Estate planning is a subject that many choose to avoid because it brings up topics people don't like to discuss: death or disability. However, refusing to develop an estate plan can make life more difficult to those left behind.
The most common mistake people make is doing nothing. Failing to have a will or trust created takes away the power of a person to leave their property to those they wish. Instead, the property will be distributed by state law rather than the decedent.
Another common mistake is failing to address disability. Many people anticipate and plan for death, but disability can create equally difficult problems for others. Loved ones may not have access to financial accounts or have power to authorize medical treatment.

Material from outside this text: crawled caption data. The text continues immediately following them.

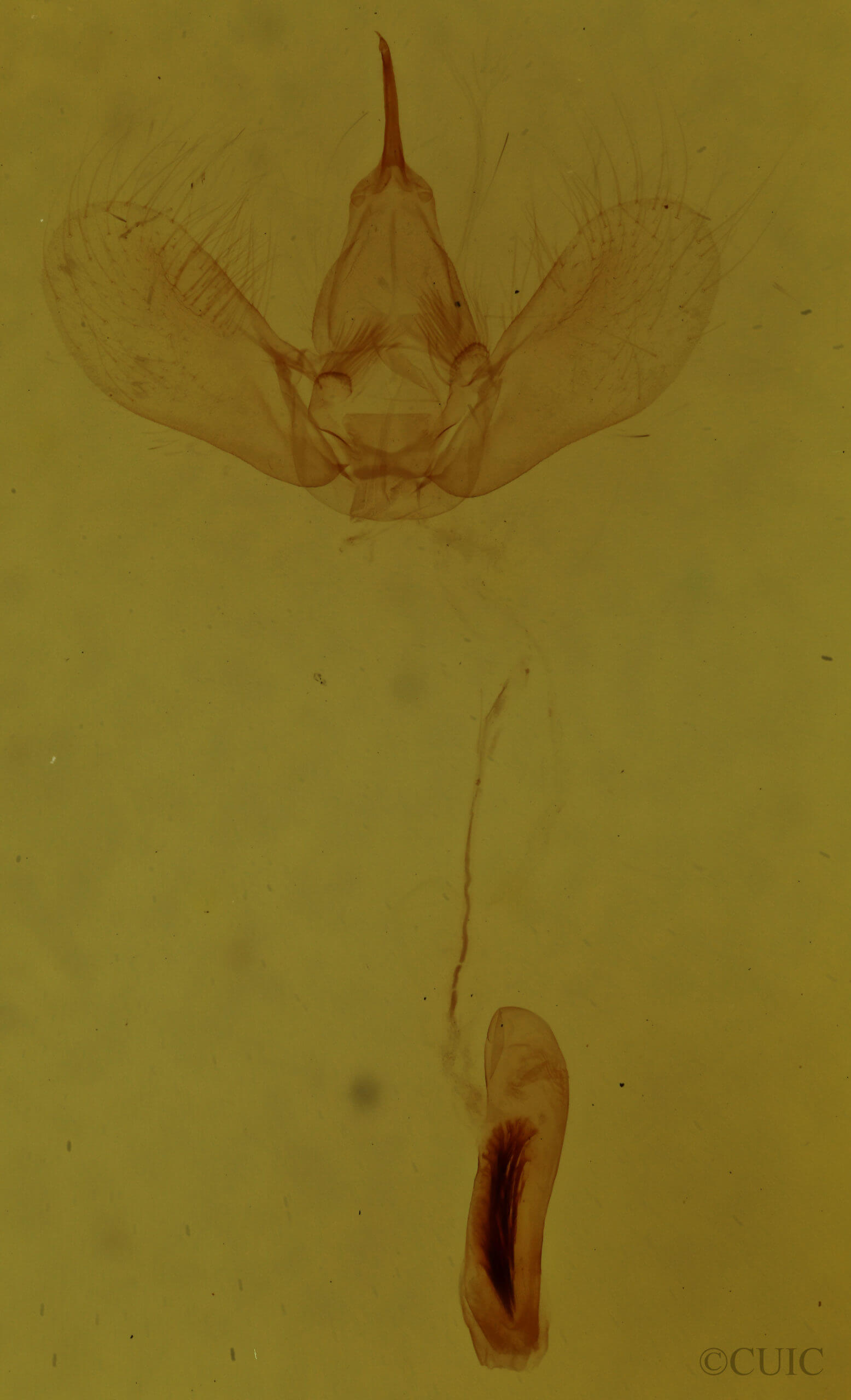 genitalia view of adult Dysstroma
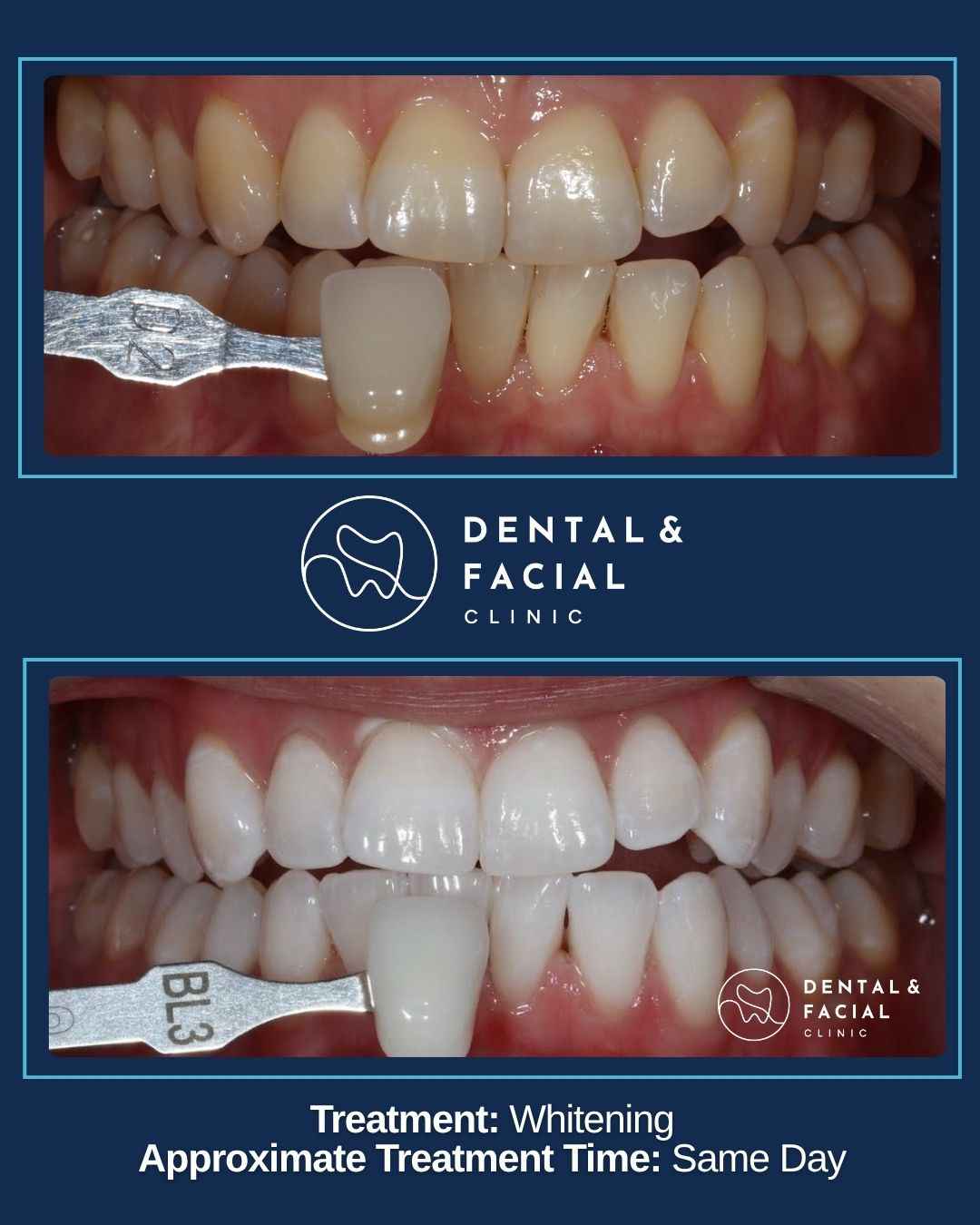 Teeth Whitening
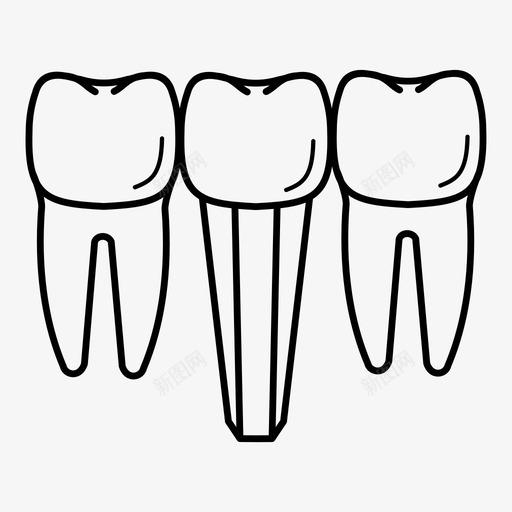 牙种植体基牙陶瓷图标svg_新图网 https://ixintu.com 基牙 牙种植体 牙科诊所 牙齿 陶瓷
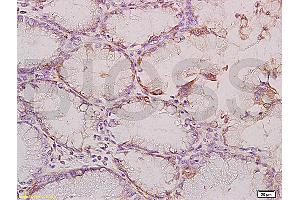 YES1 antibody  (pTyr426)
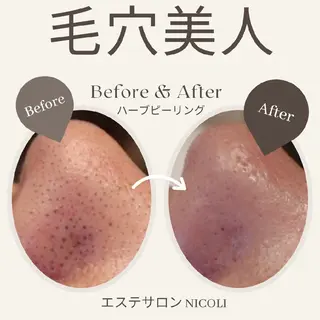 エステサロン NICOLIのエステ・リラクイメージ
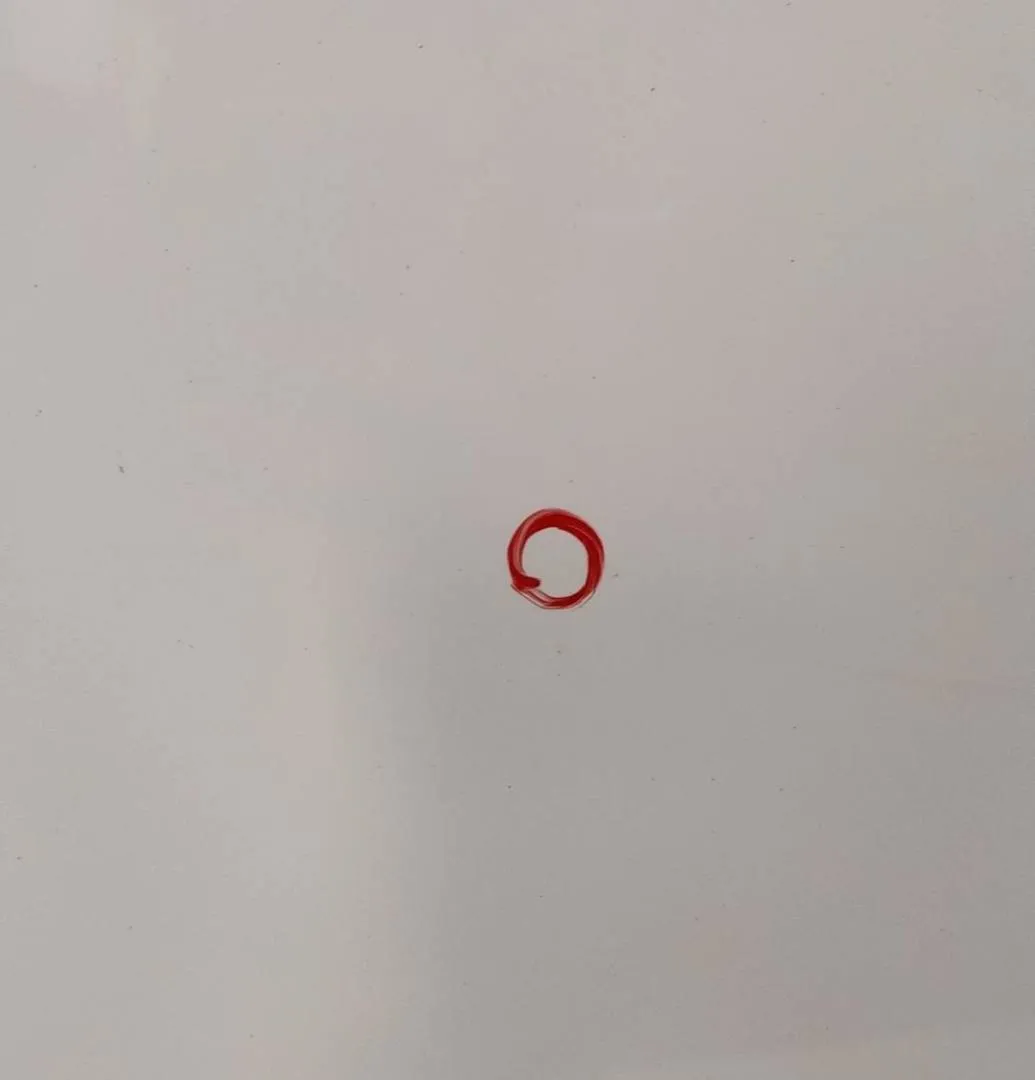 Cofano anteriore Cofano anteriore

Powers of attorney or healthcare proxies will provide power for those authorized to make financial or healthcare decisions for a disabled person. Without these documents, a costly guardianship or conservatorship may be required. Both of these procedures require an expensive and timely court proceeding to be initiated.
When people have a will prepared, many assume that the directions in the will cover all of their property. This is a mistaken assumption. Certain property, such as retirement accounts and life insurance, have specific beneficiaries. Directions in the will do not override a valid statement of beneficiary. If real estate is held jointly with another person, it normally goes to the surviving joint tenant, even if the will states otherwise.
Though printed forms are popular, they can also be a dangerous method of estate planning. The form may not conform to state law and therefore be invalid. If invalid, the wishes of the decedent may not be followed. In other cases, a necessary document might be overlooked and not prepared. Because of their familiarity with succession laws and the documents required to fulfill a person's wishes, choosing a qualified estate attorney is an important part of estate planning.